What is wanted is every line below from the one with "Magic: The Gathering" up to and including the one with "OUAIS ! Invitation", retyped exactly, pictures excluded, nothing else.

### Records for the exercise:

= = = = = = =

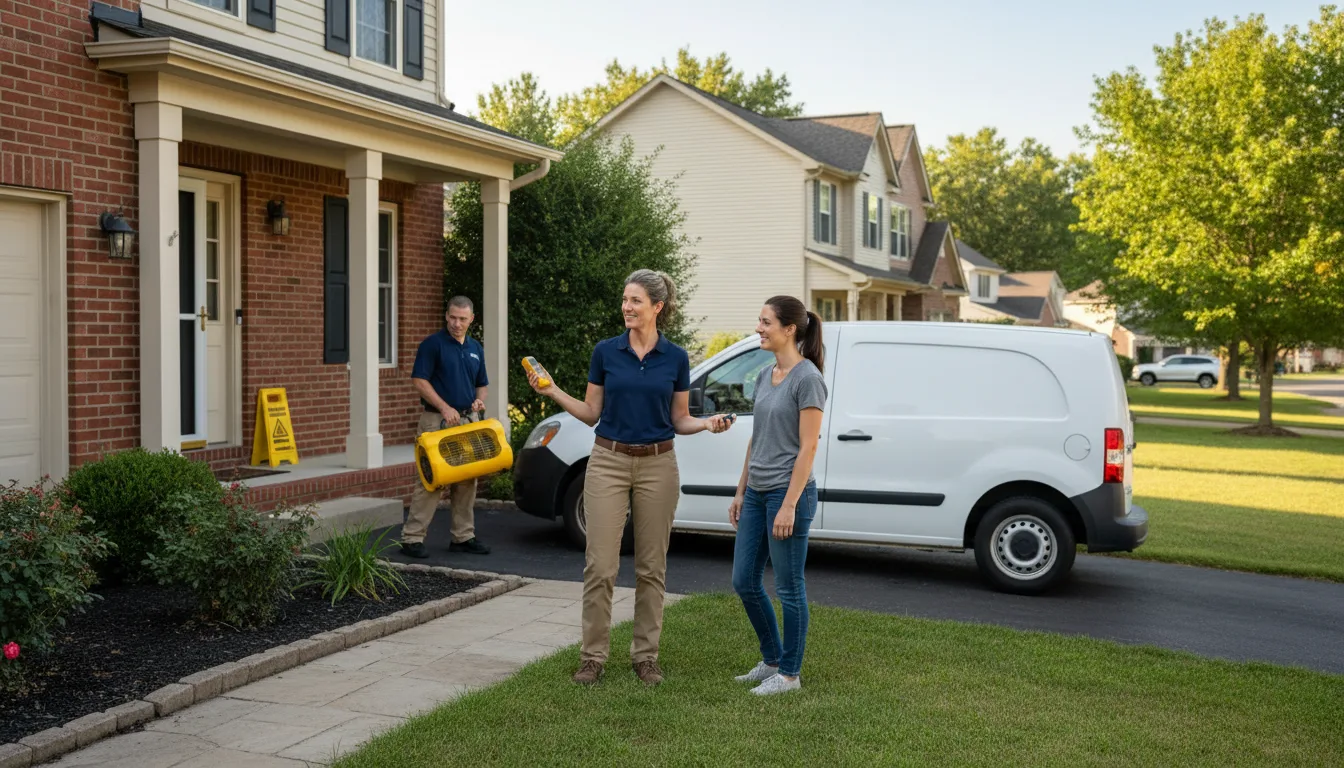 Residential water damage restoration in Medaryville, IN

= = = = = = =

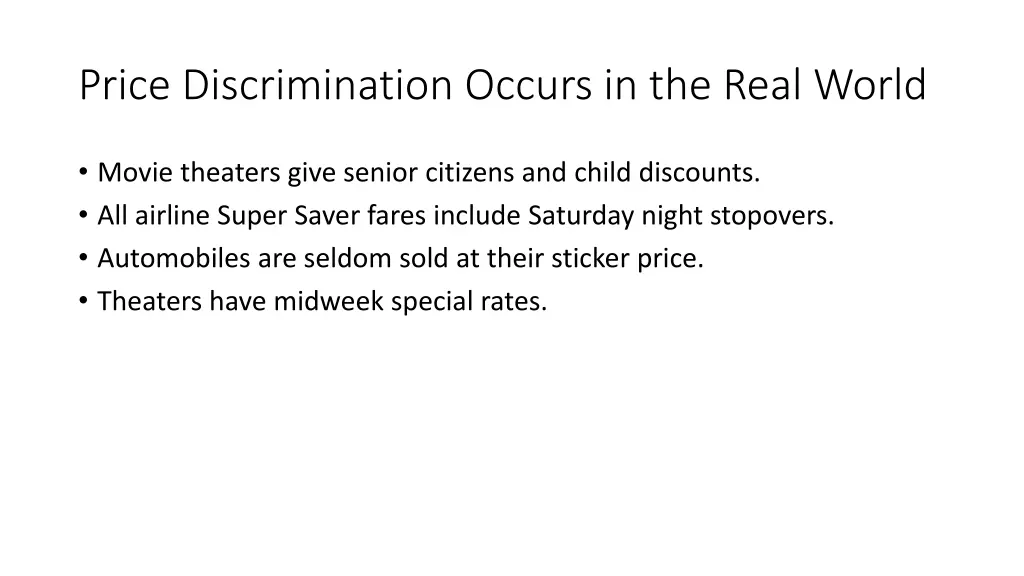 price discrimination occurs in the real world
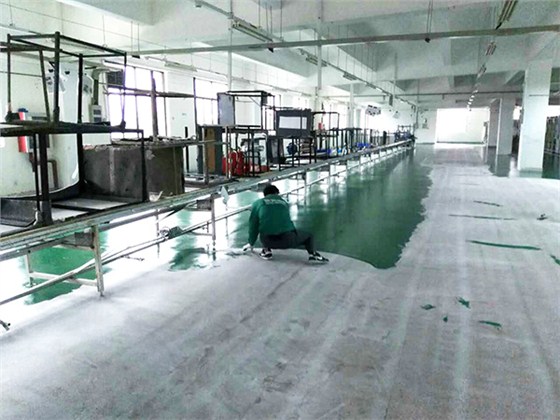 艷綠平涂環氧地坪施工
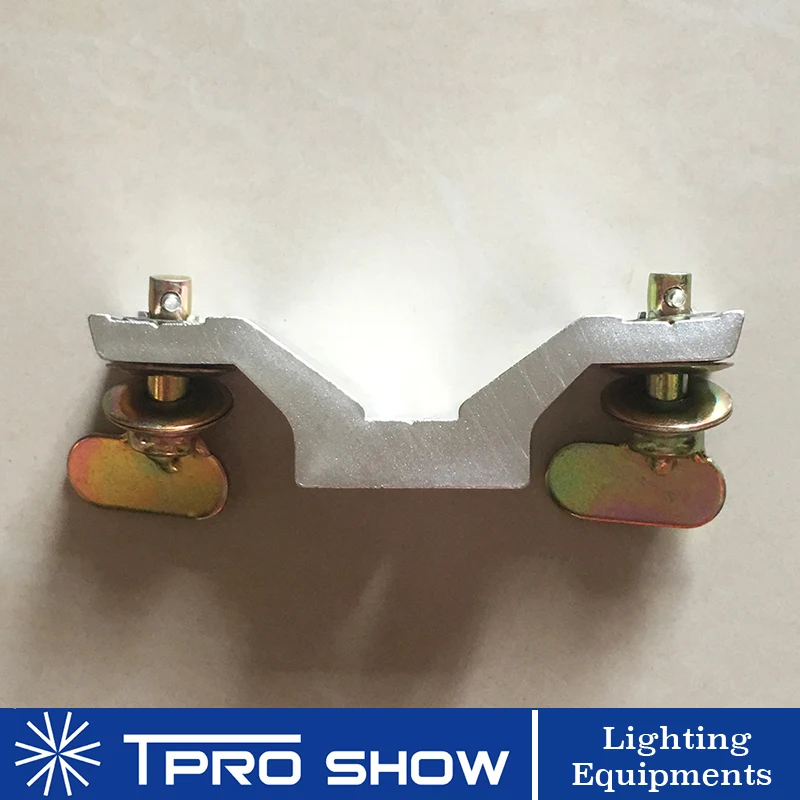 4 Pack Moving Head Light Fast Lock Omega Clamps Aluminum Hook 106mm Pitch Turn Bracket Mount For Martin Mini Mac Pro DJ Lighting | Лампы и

= = = = = = =

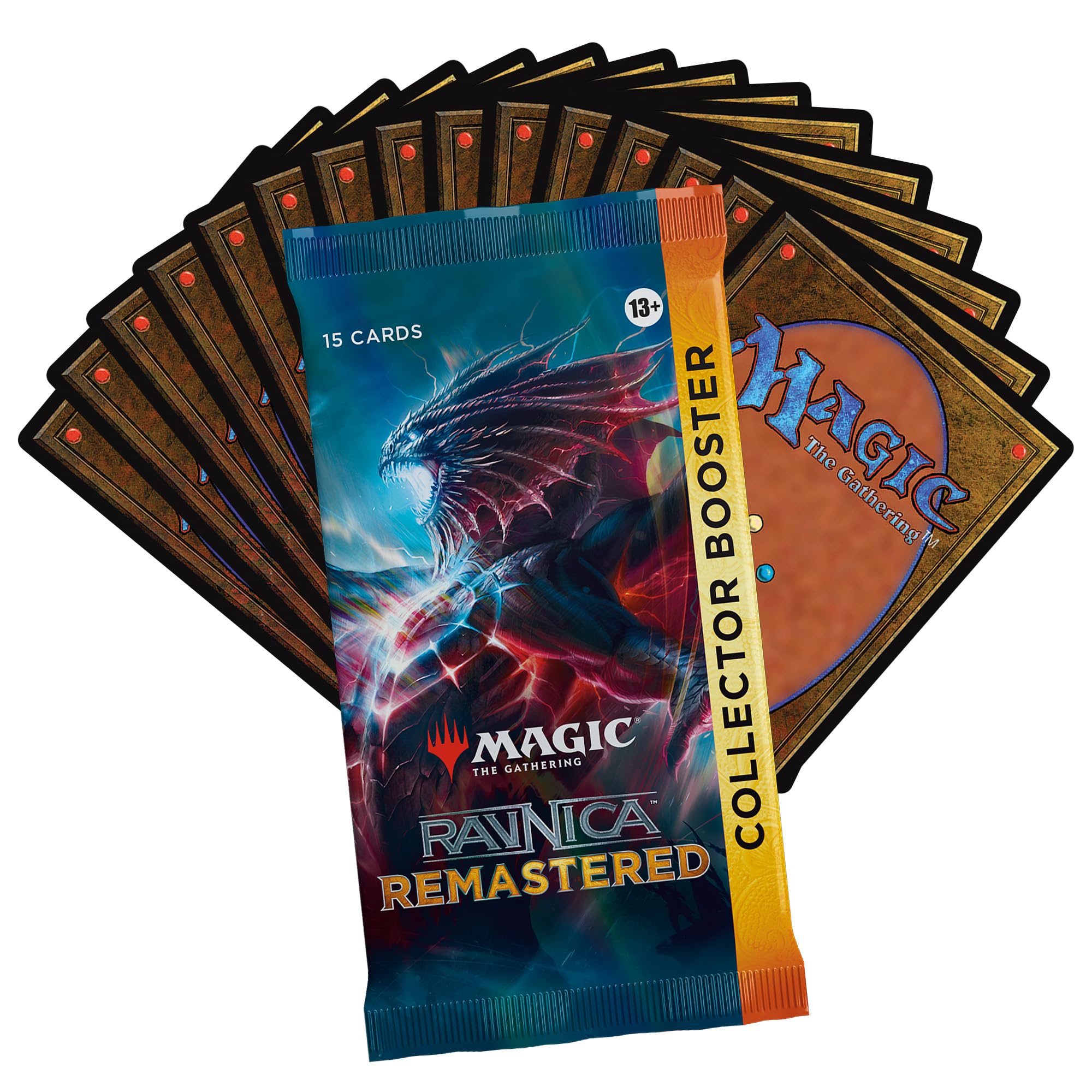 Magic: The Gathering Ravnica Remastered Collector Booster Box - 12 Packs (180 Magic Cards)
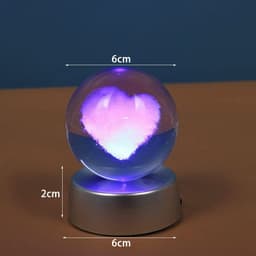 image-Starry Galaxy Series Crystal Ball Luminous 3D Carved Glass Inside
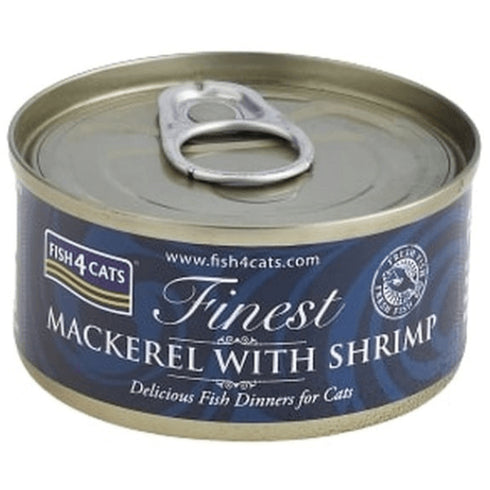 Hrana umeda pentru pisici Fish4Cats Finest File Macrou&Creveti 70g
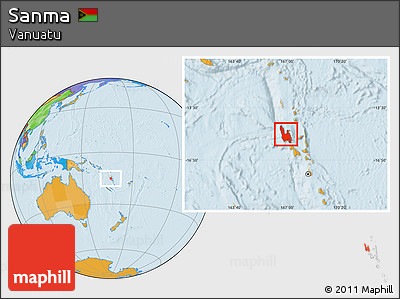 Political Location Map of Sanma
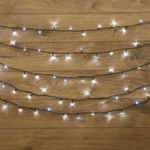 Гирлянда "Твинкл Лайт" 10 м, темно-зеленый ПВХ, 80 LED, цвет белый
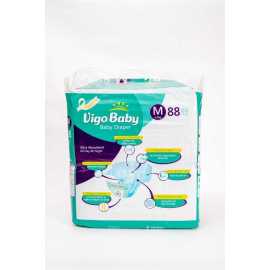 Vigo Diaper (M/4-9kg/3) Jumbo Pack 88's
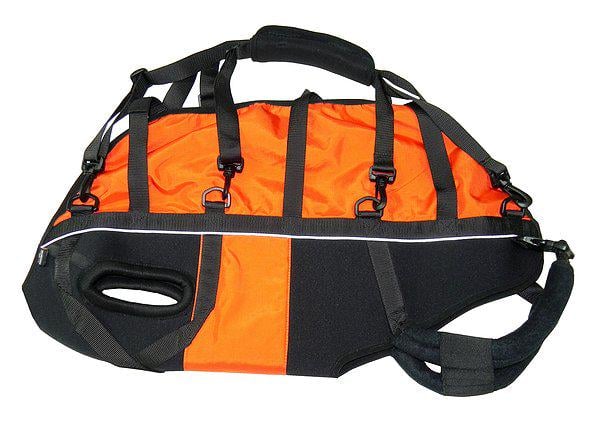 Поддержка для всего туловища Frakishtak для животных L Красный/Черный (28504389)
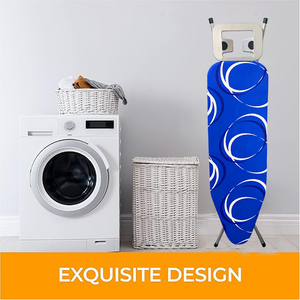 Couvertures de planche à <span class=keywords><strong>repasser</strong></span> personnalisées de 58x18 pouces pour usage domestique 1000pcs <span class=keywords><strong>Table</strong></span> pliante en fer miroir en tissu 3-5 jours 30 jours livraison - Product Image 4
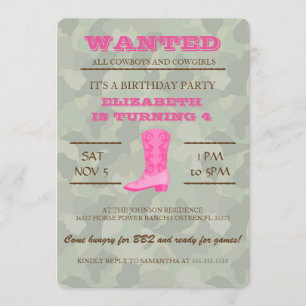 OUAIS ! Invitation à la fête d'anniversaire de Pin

= = = = = = =

### Result of the task:
 Magic: The Gathering Ravnica Remastered Collector Booster Box - 12 Packs (180 Magic Cards)
 image-Starry Galaxy Series Crystal Ball Luminous 3D Carved Glass Inside
 Hrana umeda pentru pisici Fish4Cats Finest File Macrou&Creveti 70g
 Political Location Map of Sanma
 Гирлянда "Твинкл Лайт" 10 м, темно-зеленый ПВХ, 80 LED, цвет белый
 Vigo Diaper (M/4-9kg/3) Jumbo Pack 88's
 Поддержка для всего туловища Frakishtak для животных L Красный/Черный (28504389)
 Couvertures de planche à <span class=keywords><strong>repasser</strong></span> personnalisées de 58x18 pouces pour usage domestique 1000pcs <span class=keywords><strong>Table</strong></span> pliante en fer miroir en tissu 3-5 jours 30 jours livraison - Product Image 4
 OUAIS ! Invitation à la fête d'anniversaire de Pin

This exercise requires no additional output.